At 6 hours after dosing, clear, dose-related trends to prolong the times patients could maintain the grip force in the weaker hand above 80%, 70%, and 60% of the target force were apparent.  At 6 hours after the 500 mg. dose of CK-2017357, these prolongations in the weaker hand approached nominal statistical significance for the times grip force could be maintained above 70% and 60% of the target force (7.8 seconds and 7.2 seconds versus placebo, respectively).  Similarly, the apparent dose response for these prolongations in the patients’ ability to maintain sub-maximal grip force in the weaker hand at 6 hours after dosing also approached nominal statistical significance for the times grip force could be maintained above 70% and 60% of the target force versus placebo, respectively.  Moreover, the relationship between prolongations in grip force above 60% of target in the weaker hand and increasing CK-2017375 plasma concentrations achieved nominal statistical significance.
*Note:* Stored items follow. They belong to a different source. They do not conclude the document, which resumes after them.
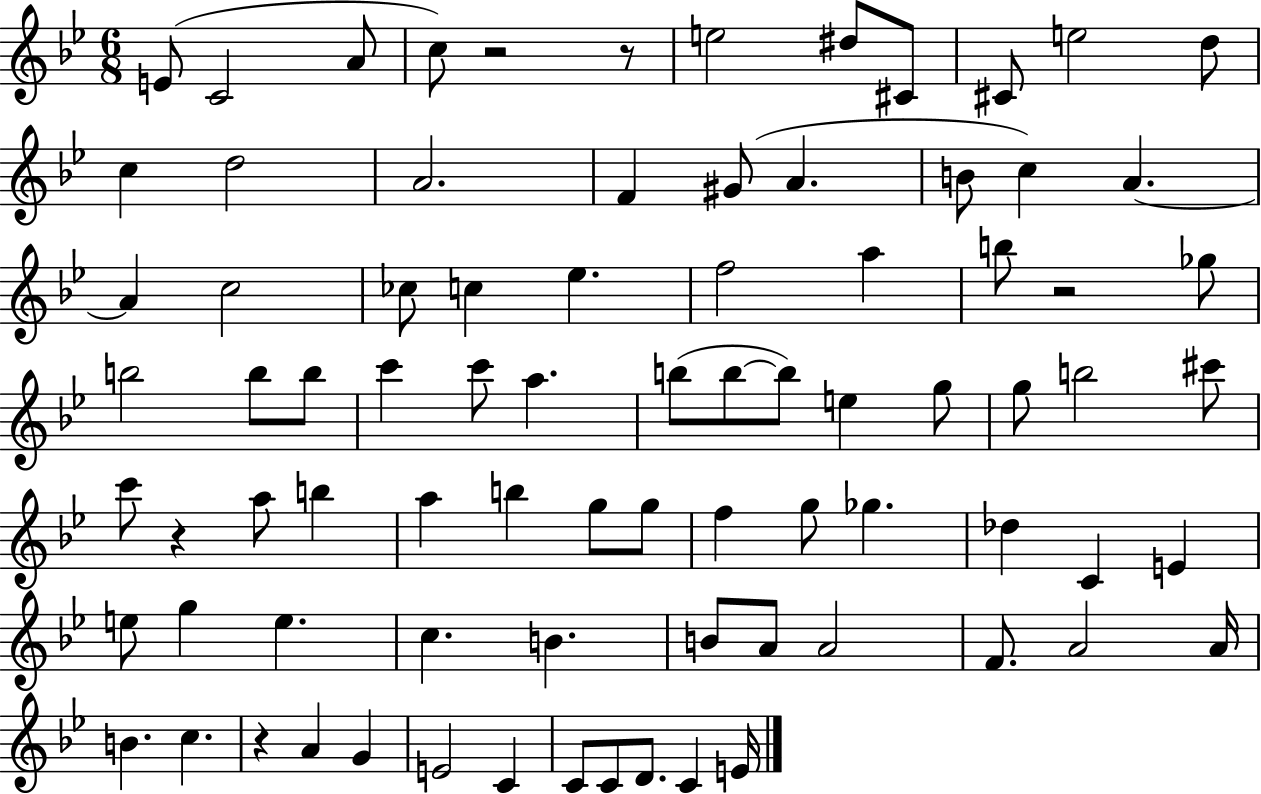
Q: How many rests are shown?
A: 5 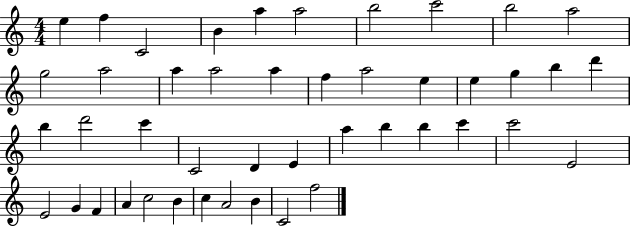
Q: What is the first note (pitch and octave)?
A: E5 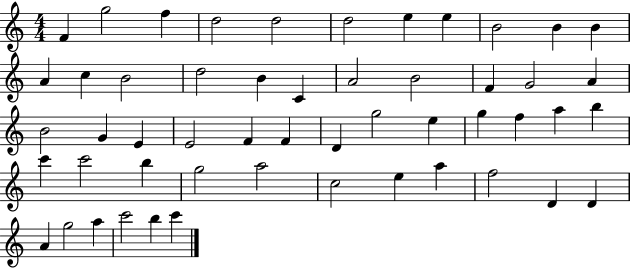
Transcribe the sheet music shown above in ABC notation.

X:1
T:Untitled
M:4/4
L:1/4
K:C
F g2 f d2 d2 d2 e e B2 B B A c B2 d2 B C A2 B2 F G2 A B2 G E E2 F F D g2 e g f a b c' c'2 b g2 a2 c2 e a f2 D D A g2 a c'2 b c' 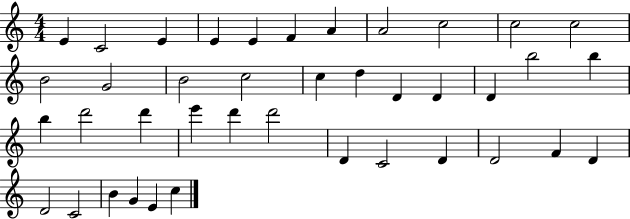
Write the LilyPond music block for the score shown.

{
  \clef treble
  \numericTimeSignature
  \time 4/4
  \key c \major
  e'4 c'2 e'4 | e'4 e'4 f'4 a'4 | a'2 c''2 | c''2 c''2 | \break b'2 g'2 | b'2 c''2 | c''4 d''4 d'4 d'4 | d'4 b''2 b''4 | \break b''4 d'''2 d'''4 | e'''4 d'''4 d'''2 | d'4 c'2 d'4 | d'2 f'4 d'4 | \break d'2 c'2 | b'4 g'4 e'4 c''4 | \bar "|."
} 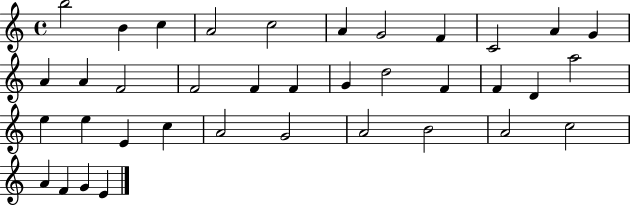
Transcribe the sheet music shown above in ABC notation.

X:1
T:Untitled
M:4/4
L:1/4
K:C
b2 B c A2 c2 A G2 F C2 A G A A F2 F2 F F G d2 F F D a2 e e E c A2 G2 A2 B2 A2 c2 A F G E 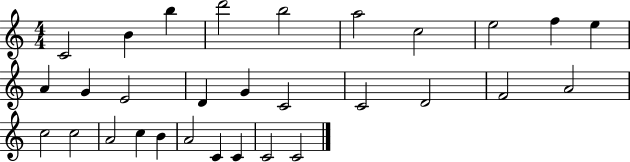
{
  \clef treble
  \numericTimeSignature
  \time 4/4
  \key c \major
  c'2 b'4 b''4 | d'''2 b''2 | a''2 c''2 | e''2 f''4 e''4 | \break a'4 g'4 e'2 | d'4 g'4 c'2 | c'2 d'2 | f'2 a'2 | \break c''2 c''2 | a'2 c''4 b'4 | a'2 c'4 c'4 | c'2 c'2 | \break \bar "|."
} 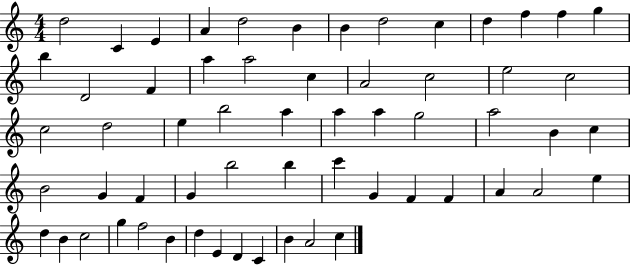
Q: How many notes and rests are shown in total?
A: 60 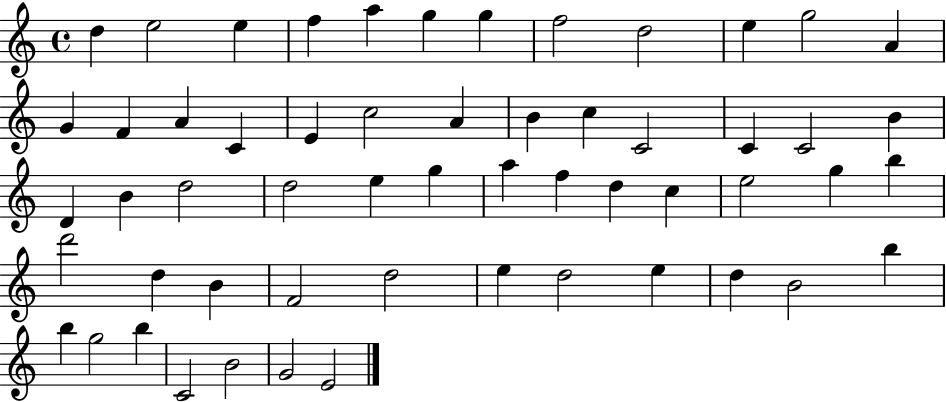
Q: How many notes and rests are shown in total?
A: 56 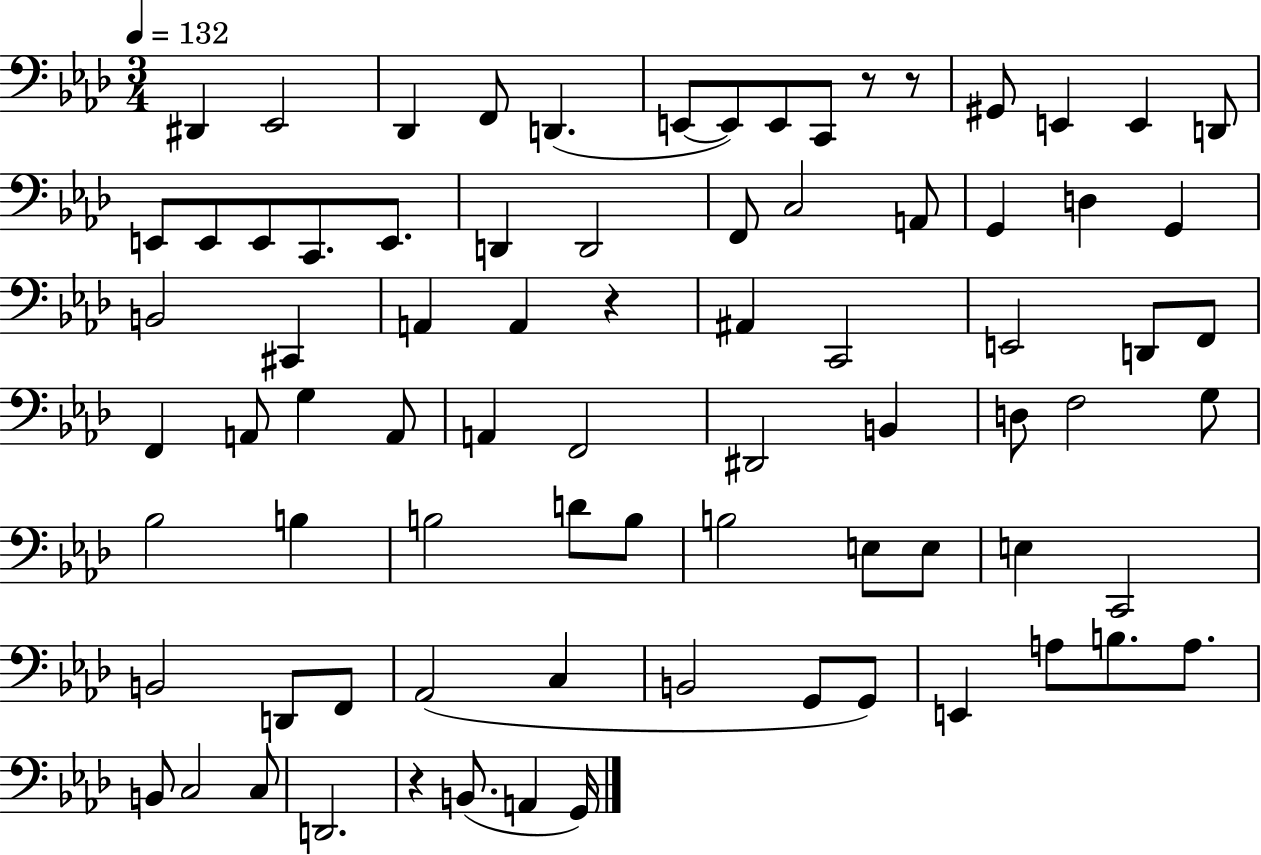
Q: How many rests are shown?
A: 4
The investigators also proposed that trends toward increases in parameters of pulmonary function may underlie the improvements in the patients’ and investigators’ global assessments.  Data from this clinical trial demonstrated a dose-related trend to increase the maximum volume of air patients could inhale and exhale in one minute (maximum voluntary ventilation), which achieved nominal statistical significance at both 6 and 24 hours after 500 mg. of CK-2017357 (3.5 liters and 4.2 liters, respectively).  Trends to increase the patients’ force of inhalation, a measure of pulmonary function known as the Sniff Inspiratory Pressure, were also observed, and approached nominal statistical significance at 6 hours after the 500 mg. dose of CK-2017375 (2.84 cm H2O).  In addition, the relationship between increases in Sniff Inspiratory Pressure and increasing CK-2017375 plasma concentrations achieved nominal statistical significance.
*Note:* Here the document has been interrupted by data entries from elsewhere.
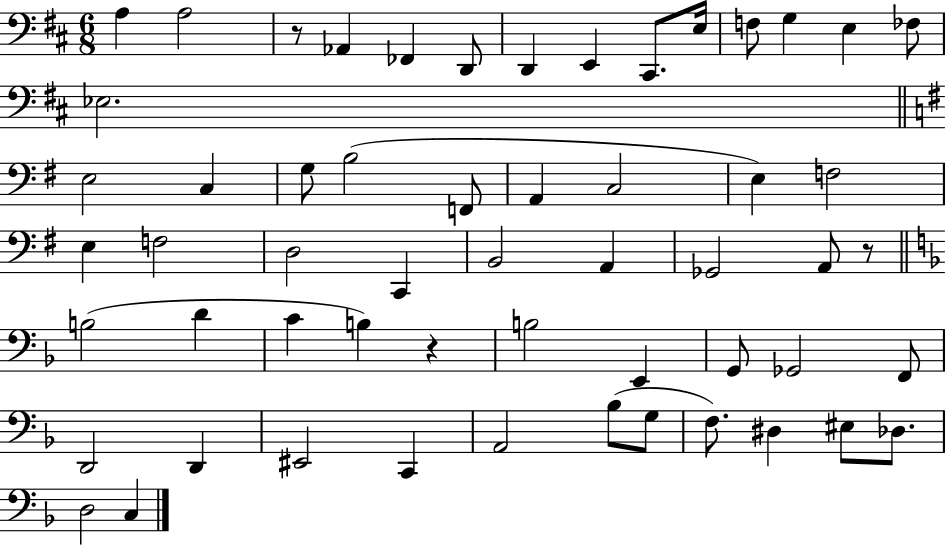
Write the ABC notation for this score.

X:1
T:Untitled
M:6/8
L:1/4
K:D
A, A,2 z/2 _A,, _F,, D,,/2 D,, E,, ^C,,/2 E,/4 F,/2 G, E, _F,/2 _E,2 E,2 C, G,/2 B,2 F,,/2 A,, C,2 E, F,2 E, F,2 D,2 C,, B,,2 A,, _G,,2 A,,/2 z/2 B,2 D C B, z B,2 E,, G,,/2 _G,,2 F,,/2 D,,2 D,, ^E,,2 C,, A,,2 _B,/2 G,/2 F,/2 ^D, ^E,/2 _D,/2 D,2 C, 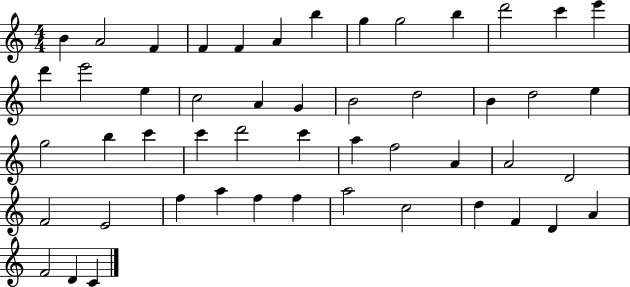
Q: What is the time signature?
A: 4/4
Finally, the investigators also concluded that these single doses of CK-2017357 were safe and generally well-tolerated by the patients in this trial.  There were no serious adverse events that were judged to have been related to treatment with the study drug.  Most adverse events were classified by the investigators as mild, including dizziness, the most commonly-reported and most clearly dose-related adverse event.  All reports of dizziness by patients receiving 250 mg. of CK-2017357 were classified as mild, as were 88% of those reported by patients receiving 500 mg. of CK-2017357.  The other complaints of dizziness by patients receiving 500 mg. of CK-2017357 were classified as moderate; none were determined to be severe.

“We are pleased that this clinical trial has successfully generated results in patients with ALS that are both encouraging and consistent with data generated in our preclinical studies and our Phase I clinical trials with CK-2017357.  Importantly, this clinical trial has now generated clinically relevant hypotheses that warrant further exploration in proof-of-concept clinical trials in patients with ALS,” stated Andrew A. Wolff, MD, FACC, Cytokinetics’ Senior Vice President of Clinical Research and Development and Chief Medical Officer.  “We are now planning to proceed into a multiple-dose clinical trial to understand how longer-term dosing of CK-2017357 may impact the functional status of these patients.”

Although not funding this research, The ALS Association is excited to see such promising data and is pleased that Cytokinetics working closely with the ALS community and will continue to explore the potential of the compound as a treatment for ALS.